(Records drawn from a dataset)
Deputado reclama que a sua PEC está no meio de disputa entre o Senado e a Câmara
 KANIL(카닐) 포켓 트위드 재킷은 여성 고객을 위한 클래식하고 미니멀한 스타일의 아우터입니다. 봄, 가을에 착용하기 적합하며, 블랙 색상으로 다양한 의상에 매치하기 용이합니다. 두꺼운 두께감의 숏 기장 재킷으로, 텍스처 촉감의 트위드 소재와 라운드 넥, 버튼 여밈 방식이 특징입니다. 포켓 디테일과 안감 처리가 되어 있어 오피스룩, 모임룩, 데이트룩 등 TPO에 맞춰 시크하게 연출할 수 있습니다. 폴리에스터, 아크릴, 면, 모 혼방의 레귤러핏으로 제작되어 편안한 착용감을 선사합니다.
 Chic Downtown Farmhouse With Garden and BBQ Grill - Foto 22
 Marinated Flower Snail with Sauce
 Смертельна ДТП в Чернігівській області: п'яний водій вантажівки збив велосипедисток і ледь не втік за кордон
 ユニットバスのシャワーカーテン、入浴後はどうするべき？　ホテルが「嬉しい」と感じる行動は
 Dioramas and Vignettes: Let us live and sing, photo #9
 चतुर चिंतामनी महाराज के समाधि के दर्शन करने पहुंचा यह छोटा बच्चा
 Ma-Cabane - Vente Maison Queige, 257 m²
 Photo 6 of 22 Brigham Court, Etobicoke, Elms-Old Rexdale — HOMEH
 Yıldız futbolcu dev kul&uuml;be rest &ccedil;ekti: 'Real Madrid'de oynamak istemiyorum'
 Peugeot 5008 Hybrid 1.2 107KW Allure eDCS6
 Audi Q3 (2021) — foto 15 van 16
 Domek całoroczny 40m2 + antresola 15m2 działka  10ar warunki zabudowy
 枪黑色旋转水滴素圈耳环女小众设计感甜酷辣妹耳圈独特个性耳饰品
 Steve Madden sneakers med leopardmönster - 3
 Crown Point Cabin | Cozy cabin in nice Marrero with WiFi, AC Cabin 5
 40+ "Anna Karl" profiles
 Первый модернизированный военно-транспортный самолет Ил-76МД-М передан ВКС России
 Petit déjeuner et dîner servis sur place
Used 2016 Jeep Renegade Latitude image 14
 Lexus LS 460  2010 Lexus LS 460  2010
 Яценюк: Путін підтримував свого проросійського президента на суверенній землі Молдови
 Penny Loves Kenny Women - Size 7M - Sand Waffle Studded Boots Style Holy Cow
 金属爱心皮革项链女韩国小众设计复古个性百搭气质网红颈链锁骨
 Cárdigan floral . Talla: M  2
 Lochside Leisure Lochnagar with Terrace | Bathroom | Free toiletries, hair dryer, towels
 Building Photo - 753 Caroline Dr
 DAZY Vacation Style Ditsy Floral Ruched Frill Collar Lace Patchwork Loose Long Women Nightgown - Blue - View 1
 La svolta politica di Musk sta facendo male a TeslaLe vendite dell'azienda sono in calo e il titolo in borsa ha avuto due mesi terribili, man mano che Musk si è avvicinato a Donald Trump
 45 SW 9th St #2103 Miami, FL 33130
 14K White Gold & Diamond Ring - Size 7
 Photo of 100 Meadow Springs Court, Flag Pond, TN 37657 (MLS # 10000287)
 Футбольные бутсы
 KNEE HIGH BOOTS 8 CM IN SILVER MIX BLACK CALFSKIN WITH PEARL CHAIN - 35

WHAT IS REQUIRED: Transcribe the data exactly.

OUTPUT OF THE TASK:
Deputado reclama que a sua PEC está no meio de disputa entre o Senado e a Câmara
 KANIL(카닐) 포켓 트위드 재킷은 여성 고객을 위한 클래식하고 미니멀한 스타일의 아우터입니다. 봄, 가을에 착용하기 적합하며, 블랙 색상으로 다양한 의상에 매치하기 용이합니다. 두꺼운 두께감의 숏 기장 재킷으로, 텍스처 촉감의 트위드 소재와 라운드 넥, 버튼 여밈 방식이 특징입니다. 포켓 디테일과 안감 처리가 되어 있어 오피스룩, 모임룩, 데이트룩 등 TPO에 맞춰 시크하게 연출할 수 있습니다. 폴리에스터, 아크릴, 면, 모 혼방의 레귤러핏으로 제작되어 편안한 착용감을 선사합니다.
 Chic Downtown Farmhouse With Garden and BBQ Grill - Foto 22
 Marinated Flower Snail with Sauce
 Смертельна ДТП в Чернігівській області: п'яний водій вантажівки збив велосипедисток і ледь не втік за кордон
 ユニットバスのシャワーカーテン、入浴後はどうするべき？　ホテルが「嬉しい」と感じる行動は
 Dioramas and Vignettes: Let us live and sing, photo #9
 चतुर चिंतामनी महाराज के समाधि के दर्शन करने पहुंचा यह छोटा बच्चा
 Ma-Cabane - Vente Maison Queige, 257 m²
 Photo 6 of 22 Brigham Court, Etobicoke, Elms-Old Rexdale — HOMEH
 Yıldız futbolcu dev kul&uuml;be rest &ccedil;ekti: 'Real Madrid'de oynamak istemiyorum'
 Peugeot 5008 Hybrid 1.2 107KW Allure eDCS6
 Audi Q3 (2021) — foto 15 van 16
 Domek całoroczny 40m2 + antresola 15m2 działka  10ar warunki zabudowy
 枪黑色旋转水滴素圈耳环女小众设计感甜酷辣妹耳圈独特个性耳饰品
 Steve Madden sneakers med leopardmönster - 3
 Crown Point Cabin | Cozy cabin in nice Marrero with WiFi, AC Cabin 5
 40+ "Anna Karl" profiles
 Первый модернизированный военно-транспортный самолет Ил-76МД-М передан ВКС России
 Petit déjeuner et dîner servis sur place
Used 2016 Jeep Renegade Latitude image 14
 Lexus LS 460  2010 Lexus LS 460  2010
 Яценюк: Путін підтримував свого проросійського президента на суверенній землі Молдови
 Penny Loves Kenny Women - Size 7M - Sand Waffle Studded Boots Style Holy Cow
 金属爱心皮革项链女韩国小众设计复古个性百搭气质网红颈链锁骨
 Cárdigan floral . Talla: M  2
 Lochside Leisure Lochnagar with Terrace | Bathroom | Free toiletries, hair dryer, towels
 Building Photo - 753 Caroline Dr
 DAZY Vacation Style Ditsy Floral Ruched Frill Collar Lace Patchwork Loose Long Women Nightgown - Blue - View 1
 La svolta politica di Musk sta facendo male a TeslaLe vendite dell'azienda sono in calo e il titolo in borsa ha avuto due mesi terribili, man mano che Musk si è avvicinato a Donald Trump
 45 SW 9th St #2103 Miami, FL 33130
 14K White Gold & Diamond Ring - Size 7
 Photo of 100 Meadow Springs Court, Flag Pond, TN 37657 (MLS # 10000287)
 Футбольные бутсы
 KNEE HIGH BOOTS 8 CM IN SILVER MIX BLACK CALFSKIN WITH PEARL CHAIN - 35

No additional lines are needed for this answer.